On November 29, 2017, CCS medical staff allegedly submitted plaintiff's blood specimen to a lab "with no test indicated," delaying diagnosis and treatment. (Compl. at 43). The next day, plaintiff allegedly reported to another judge of this court that plaintiff had received inadequate medical treatment for hematuria. Upon returning to the Jail, Nurse Practitioner Uszynski tested plaintiff's urine and found no blood. Plaintiff alleges Uszynski falsified the test's results.

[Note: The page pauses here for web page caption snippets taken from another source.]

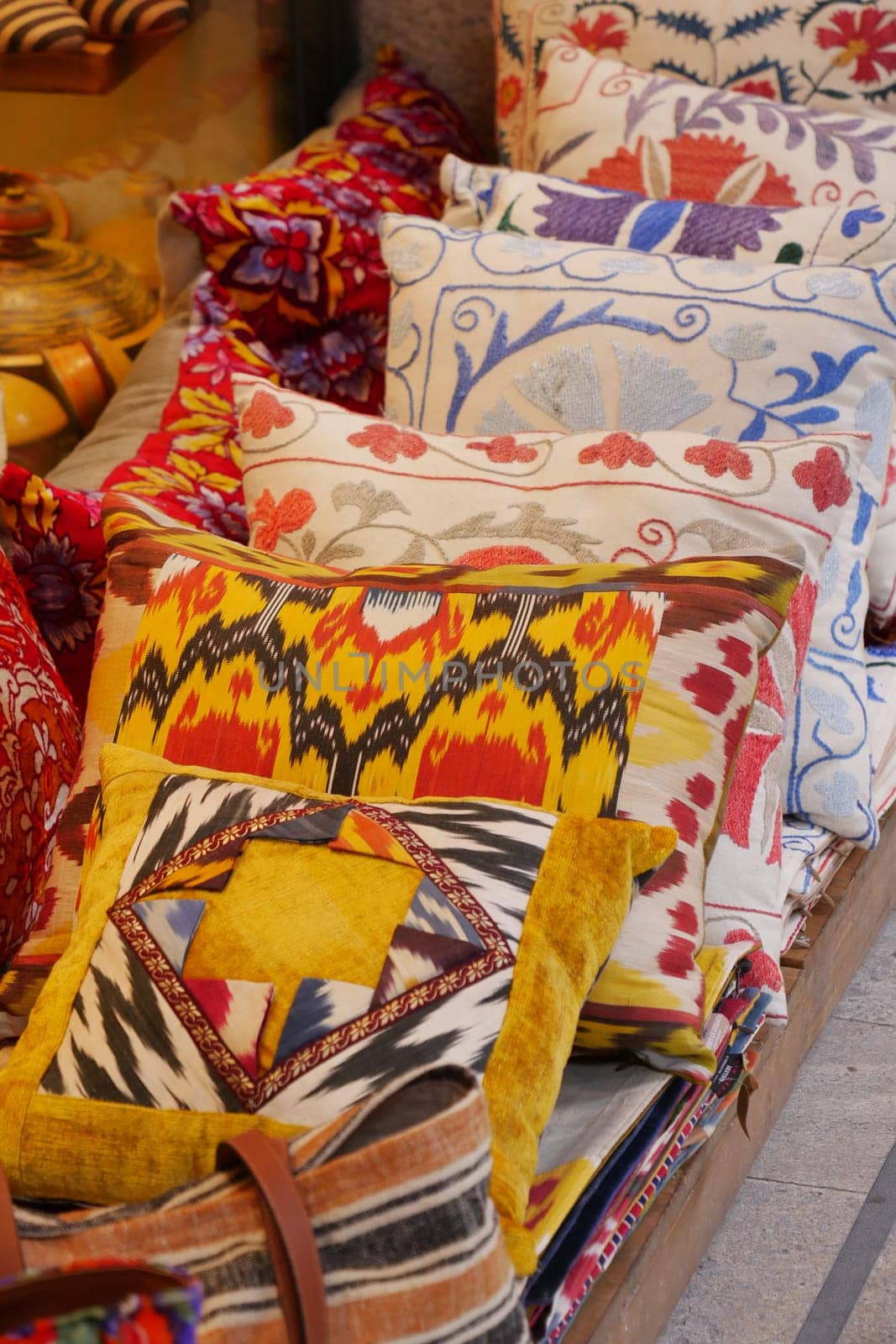 Colourful cushions on display for sale in a traditional Turkish Bazaar. by towfiq007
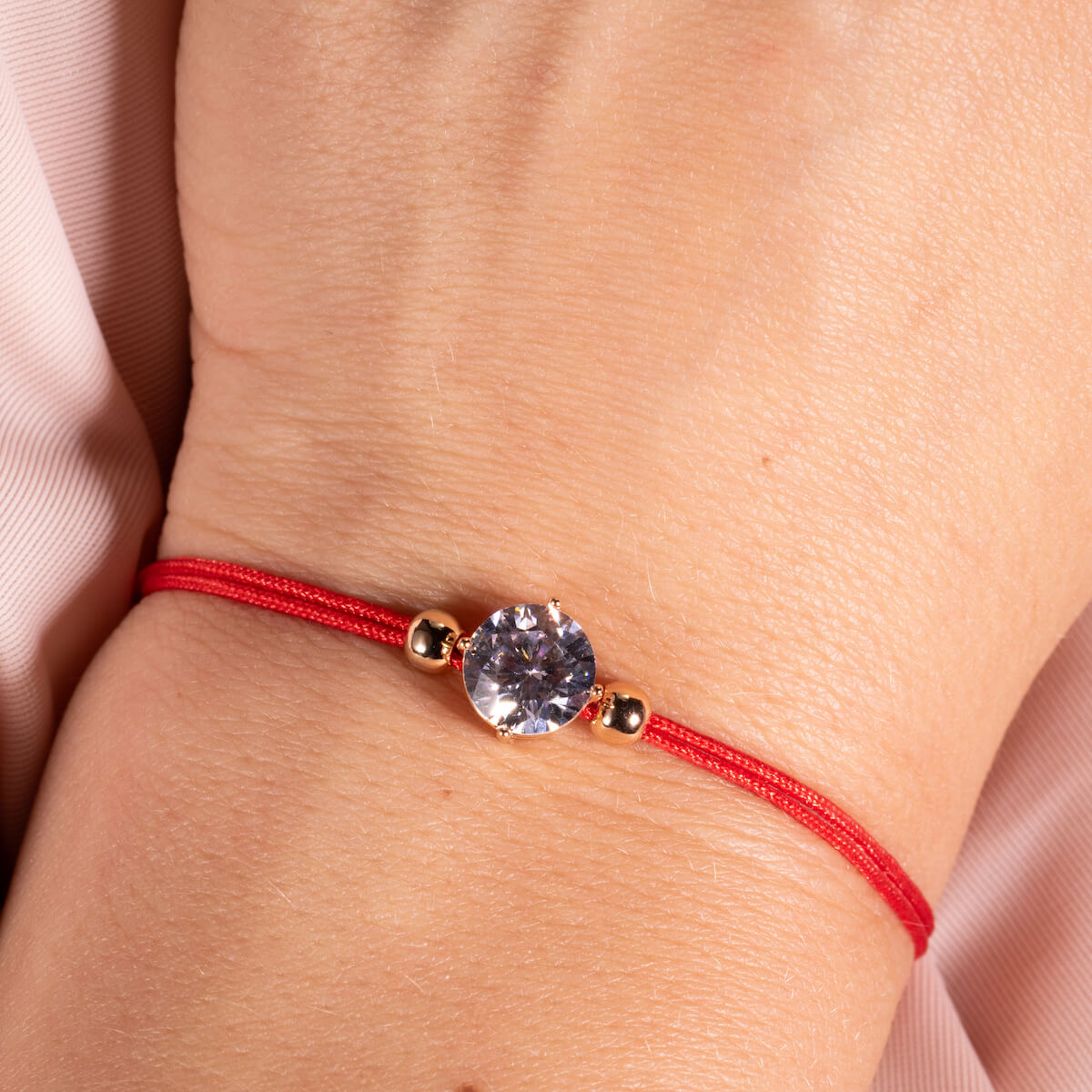 Red protective thread with crystal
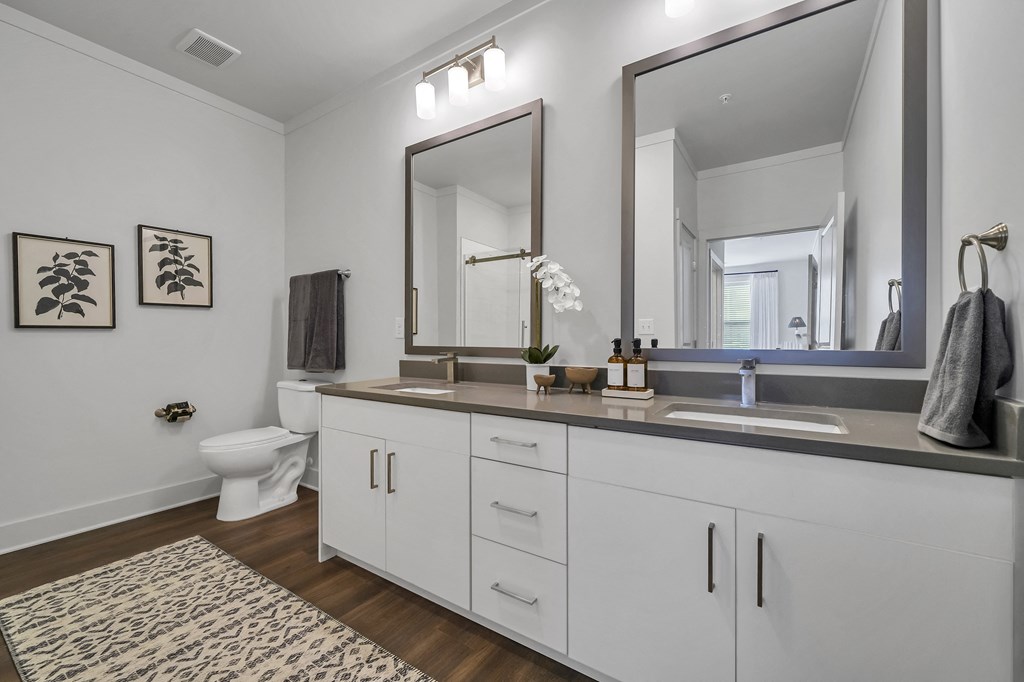 a bathroom with white cabinets and a large mirror at The Indigo Apartments, Canton, GA, 30114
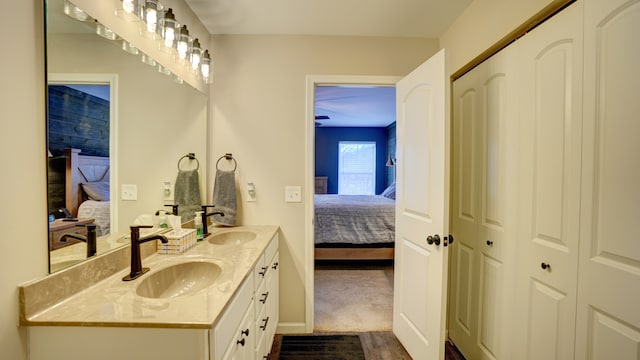 ensuite bathroom featuring double vanity, connected bathroom, and a sink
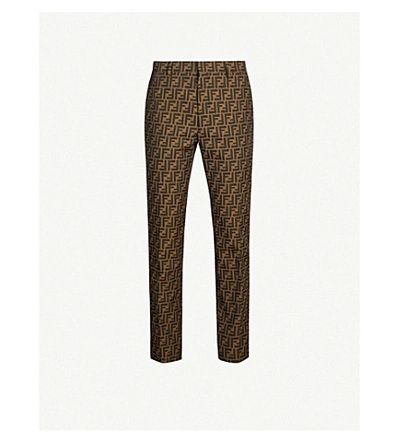 Shop Fendi Logo-print Slim-fit Straight Woven Trousers In Brown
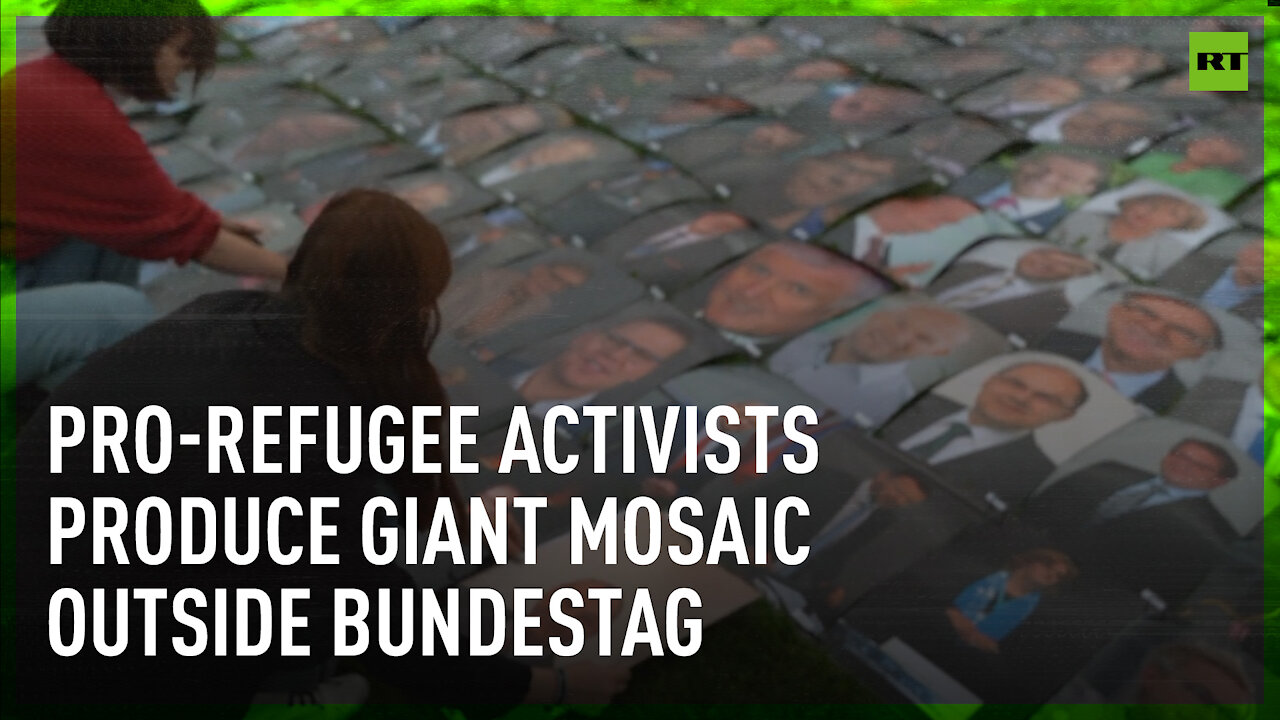 Giant mosaic made of politicians’ portraits produced by pro-refugee activists in Berlin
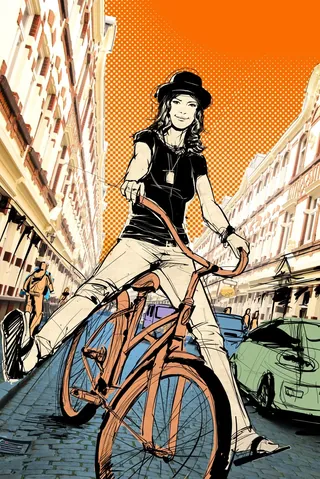 Person riding bicycle on city street by Jan Meininghaus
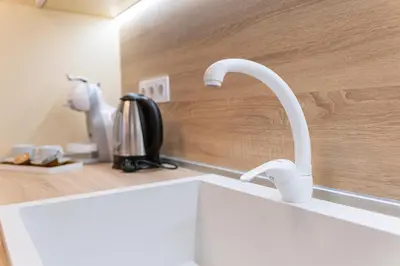a kitchen sink with two white faucets on a counter at Heart of the City 2-Bedroom Apartment in Plovdiv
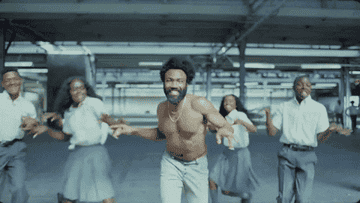 Donald Glover dances shirtless in "This Is America" music video.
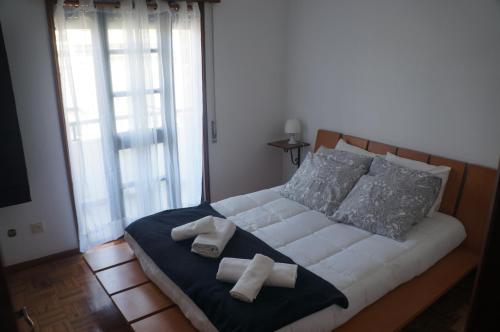 a bedroom with a bed with two towels on it at Casa no centro histórico in Vila Nova de Gaia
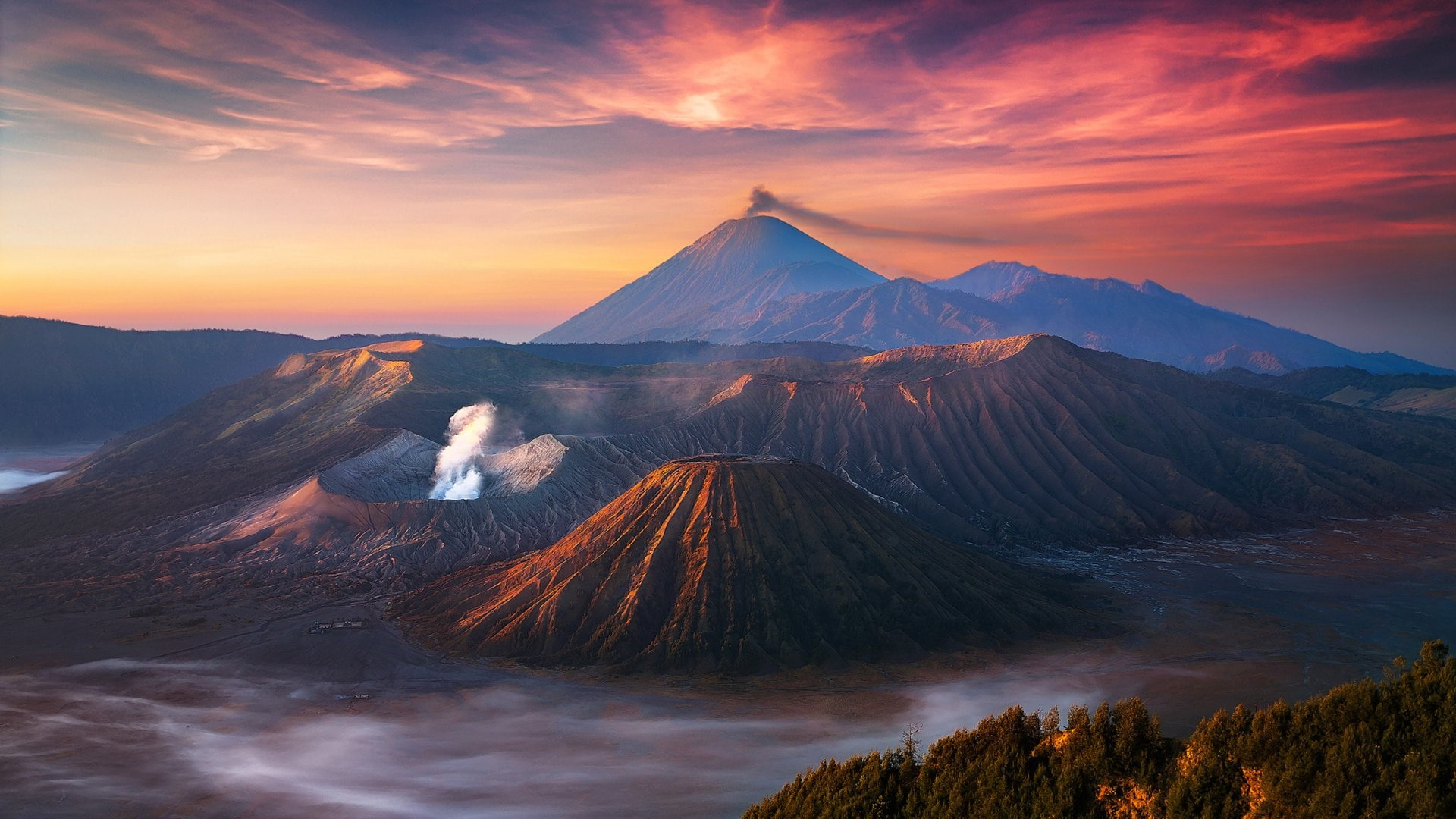 Matahari terbit di kaldera Tengger, Semeru mengepul di belakang Bromo dan Batok, awan memenuhi dasar kaldera.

Around two weeks later, on December 14, 2017, plaintiff went to WMC for a urology appointment at which his urine tested positive for blood. A CCS medical record dated December 19, 2017, indicates a test for bloody urine came back positive.
On December 19, 2017, plaintiff alleges Arancherill told plaintiff he had tested positive for bladder cancer. (
Plaintiff claims he tested negative for bladder cancer before arriving at the Jail, and that defendants' failure to provide prompt treatment caused his bladder cancer.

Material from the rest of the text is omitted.